Exercise description:
Down to the last line, restate the material below exactly.

··········

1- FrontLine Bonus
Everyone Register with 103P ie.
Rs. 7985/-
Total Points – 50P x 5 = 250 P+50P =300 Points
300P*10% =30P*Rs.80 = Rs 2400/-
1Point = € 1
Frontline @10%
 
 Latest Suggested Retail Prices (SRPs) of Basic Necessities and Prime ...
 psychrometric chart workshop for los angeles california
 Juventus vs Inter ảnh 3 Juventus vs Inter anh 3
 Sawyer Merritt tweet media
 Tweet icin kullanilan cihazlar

··········

Response to the exercise:
1- FrontLine Bonus
Everyone Register with 103P ie.
Rs. 7985/-
Total Points – 50P x 5 = 250 P+50P =300 Points
300P*10% =30P*Rs.80 = Rs 2400/-
1Point = € 1
Frontline @10%
 
 Latest Suggested Retail Prices (SRPs) of Basic Necessities and Prime ...
 psychrometric chart workshop for los angeles california
 Juventus vs Inter ảnh 3 Juventus vs Inter anh 3
 Sawyer Merritt tweet media
 Tweet icin kullanilan cihazlar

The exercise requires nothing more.